What’s been called the “Save Chick-fil-A” bill passed the state house on a nearly party-line vote, 79 to 62. Only one Republican voted against it.
“This bill is going to pass; let’s face it,” said Texas Representative Celia Israel (D), moments before voting began. “It’s been cloaked in religious freedom, but the genesis, the nexus of this bill, is in hatred.”
The bill was nixed in the Texas House two weeks ago, but the Texas Senate took it up last week and passed it without prior notification.
Using special rules to get the bill through quickly, the state senate held a hearing that wasn’t announced in advance in a room that local journalists said was “nearly empty.”
The Texas legislature is in session until the end of this week, so the state house had to rush to pass it.
If signed by the governor into law, the bill would ban any state or local government entity from taking “adverse actions” against businesses or individuals that interfere with their “religious beliefs” or “moral convictions.”
During the debate, house sponsor Matt Krause (R) removed a provision that would have allowed the Texas attorney general to sue government entities it believes are infringing on religious rights, saying that it was a “major sticking point.”
Supporters of the bill cited the city of San Antonio as an example of why the bill is needed. Last month, the San Antonio City Council refused to give Chick-fil-A a contract to operate at its local airport because of its donations to anti-LGBTQ causes.
“It’s about the First Amendment and freedom of speech, freedom of religion — those uniquely American rights,” said Texas Senator Bryan Hughes (R).
Opponents of the bill pointed out that the First Amendment already protects the rights laid out in the First Amendment, so the bill would do nothing to protect those rights. Instead, they argued, it would nullify the meager protections LGBTQ people have worked for in Texas.

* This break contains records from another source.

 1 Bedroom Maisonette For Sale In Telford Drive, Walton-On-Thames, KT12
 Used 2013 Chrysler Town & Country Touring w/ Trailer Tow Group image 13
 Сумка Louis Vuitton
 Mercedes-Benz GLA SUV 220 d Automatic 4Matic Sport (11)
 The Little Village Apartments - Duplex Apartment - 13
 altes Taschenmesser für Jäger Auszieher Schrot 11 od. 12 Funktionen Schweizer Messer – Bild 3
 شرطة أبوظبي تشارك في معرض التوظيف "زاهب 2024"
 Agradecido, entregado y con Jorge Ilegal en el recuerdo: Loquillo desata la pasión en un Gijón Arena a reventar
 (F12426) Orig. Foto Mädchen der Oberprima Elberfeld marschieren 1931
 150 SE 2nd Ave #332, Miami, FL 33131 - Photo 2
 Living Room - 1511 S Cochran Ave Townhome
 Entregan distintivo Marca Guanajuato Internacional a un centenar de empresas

“Members, this bill is here, being debated on the floor today, to make LGBTQ Texans feel less than, to make us feel attacked by our government,” said Texas Representative Erin Zwiener (D).

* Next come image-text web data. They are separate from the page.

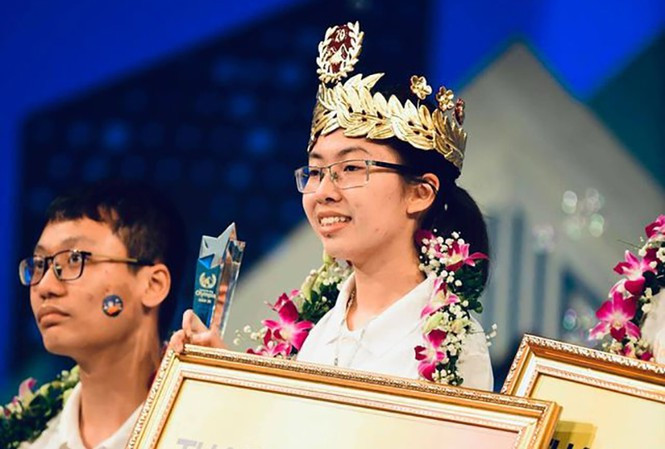 Cô nàng có phong độ thi đấu ổn định và từ sau vòng Khởi động, nữ thí sinh này đã vươn lên "lấn lướt" các thí sinh nam để cuối cùng kết thúc chặng đua với 235 điểm.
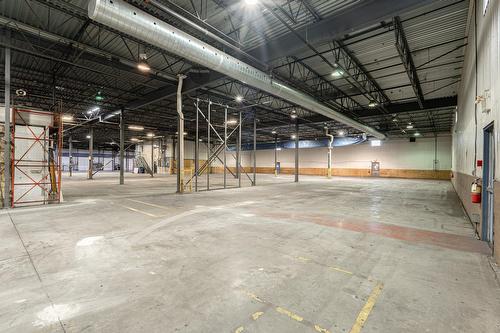 Intérieur - 60Z Rue Sheard, Coaticook, QC -  Photo Showing Garage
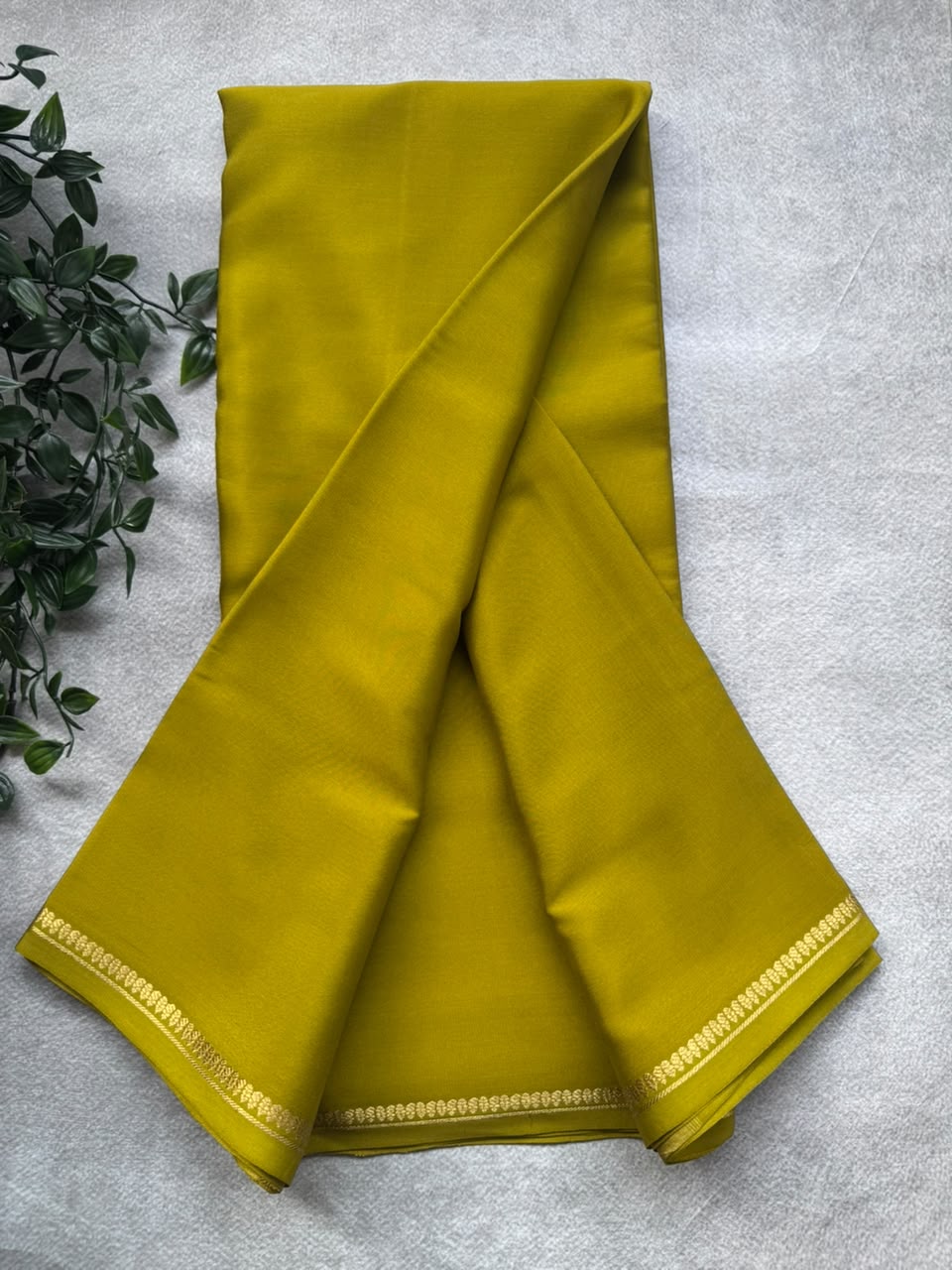Mehandi Green Pure Mysore Crepe Silk Saree PMSS107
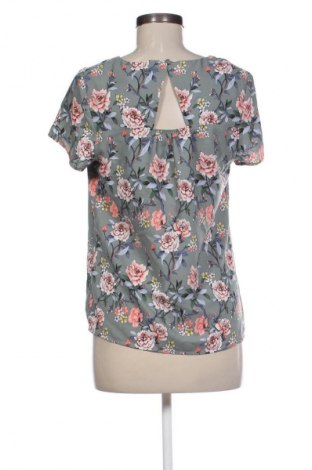 Bluză de femei Unbranded, Mărime M, Culoare Multicolor, Preț 7,99 Lei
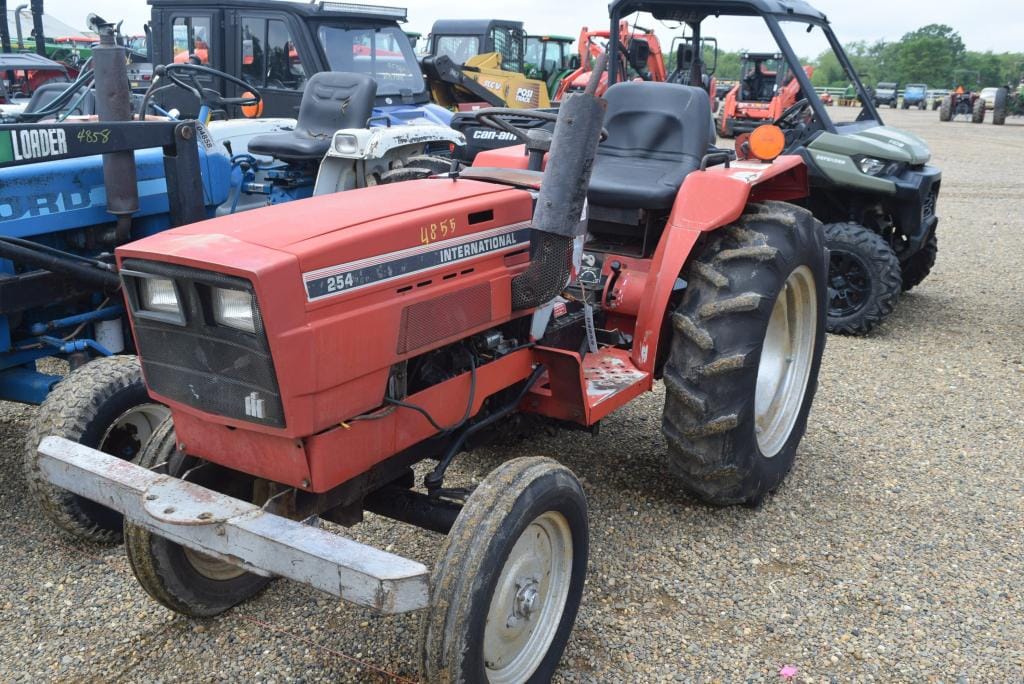 Main image International Harvester 254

“We are living in history, members. Attitudes toward the LGBTQ community have changed rapidly over the past few decades. Young Texans in particular are overwhelmingly accepting of people of all sexual orientations and gender identities.”
“You don’t need this vote,” she said.
Krause, the bill’s sponsor, said that he was surprised by the opposition to the bill.
“Look at the language in this bill,” Krause said. “There is nothing discriminatory in the language…. There is nothing discriminatory in the intent.”
The state of Texas does not ban discrimination on the basis of sexual orientation or gender identity. Some cities, counties, universities, and school districts have anti-discrimination policies that include LGBTQ people, either for the people they employ, contractors, or for private businesses in their jurisdictions.
The bill could force those government entities to create religious exemptions to their laws.
It now heads to Governor Greg Abbott (R).